Chatbots charm us, until AI hallucinations strike with plausible-sounding but misleading content. While experts believe these fabrications will persist with current Large Language Model (LLM) technology, they can decrease through better training.
"Data deviation remains one of the primary causes of AI hallucinations," explained Zhang Shihao, head of the annotation service unit of Digital Tianma, a subsidiary of Ant Group in Liangjiang New Area that specializes in information and operation services.
Digital Tianma in Liangjiang Digital Economy Industrial Park. [Photo provided to english.liangjiang.gov.cn]
LLMs rely on training data to generate information. If a user prompts a model with a question beyond its training data, the model might generate a false response.
"Increasing training data volume and improving training data quality help mitigate hallucinations," Zhang said. His annotator team reduces data deviation through data collection, cleansing, analysis, and calibration.
"For instance, data cleansing involves refining massive raw datasets by correcting errors, removing duplicates, filling gaps, and ensuring consistency to improve usability."
The work of data annotators, we call them AI trainers, is like that of teachers - imparting knowledge and building reasoning capabilities. AI training, computational power, and algorithms are the three pillars determining the quality of LLMs,” Zhang explained.
Well-trained models deliver more accurate responses. For instance, if a query contains typos, models trained for user intent recognition can infer the purpose from context and respond accordingly.
With eight years in AI training, Zhang has witnessed the field transform from labor-intensive to knowledge-driven: "Before 2022, training primarily focused on general knowledge. For example, in the autonomous driving field, annotators label street-view images, identifying features such as crosswalks or vehicles. Those tasks required minimal expertise but vast manpower."

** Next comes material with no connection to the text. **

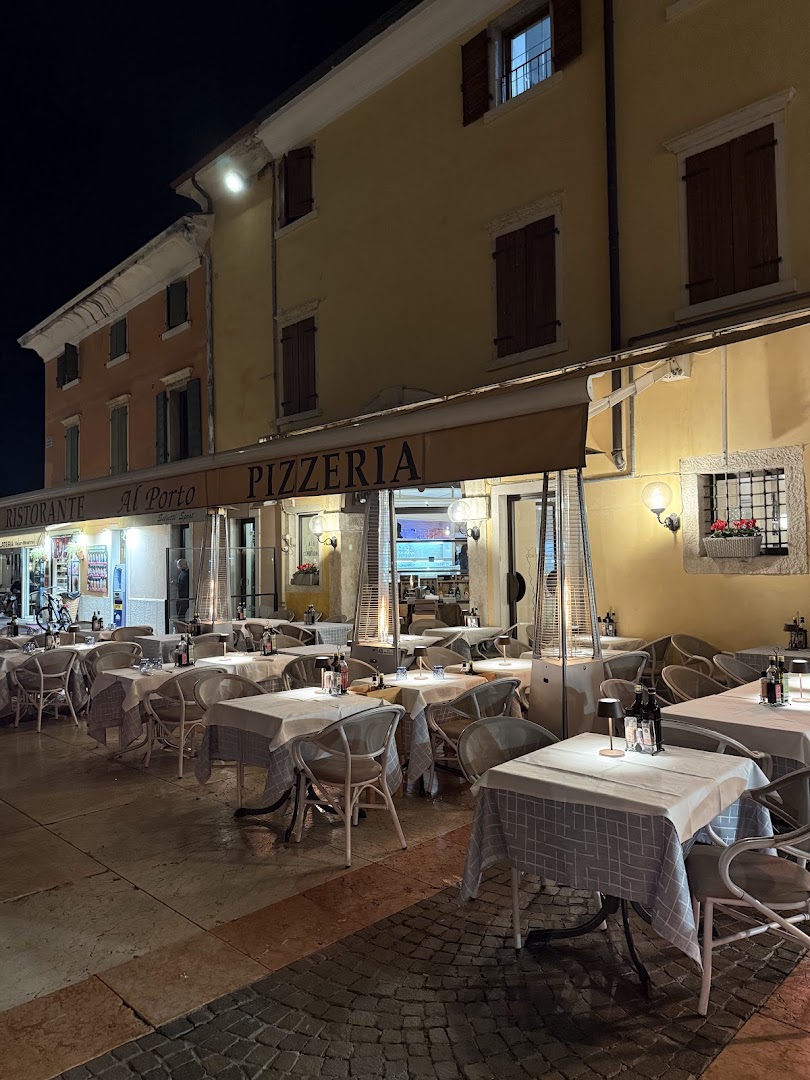 Ristorante Pizzeria "Al porto"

"The AI landscape has been evolving rapidly since 2022, and we need subject-matter experts for enhanced LLM training. This shift is reflected in our hiring, which values multi-skilled professionals," said Zhang.
Li Wenyuan, who joined Zhang's team last August after nearly a decade in finance, said that LLM integration with domain-specific expertise relies on precise, specialized datasets.

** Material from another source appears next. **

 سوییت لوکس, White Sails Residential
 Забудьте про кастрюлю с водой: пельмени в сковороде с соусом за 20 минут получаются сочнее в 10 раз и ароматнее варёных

Li works as a data annotator. [Photo by Li Wenyuan]
Li's work mainly supports Ma Xiaocai, an online financial model developed by Ant Group. "After initial training, the model has obtained basic financial knowledge. Now, trainers need advanced expertise to refine it further. Their educational backgrounds and industry experience are critical," Li explained.
Digital Tianma employs 5,000 annotators and has processed hundreds of millions of high-quality data entries since its establishment in 2023. As Zhang emphasizes, the AI revolution is beyond coding; trainers who blend technical skills with industry savvy are equally important.
The job market reflects this demand. Data from Zhilian Recruitment, a major recruitment platform in China, shows that demand for data annotators surged by over 50 percent year-on-year in February.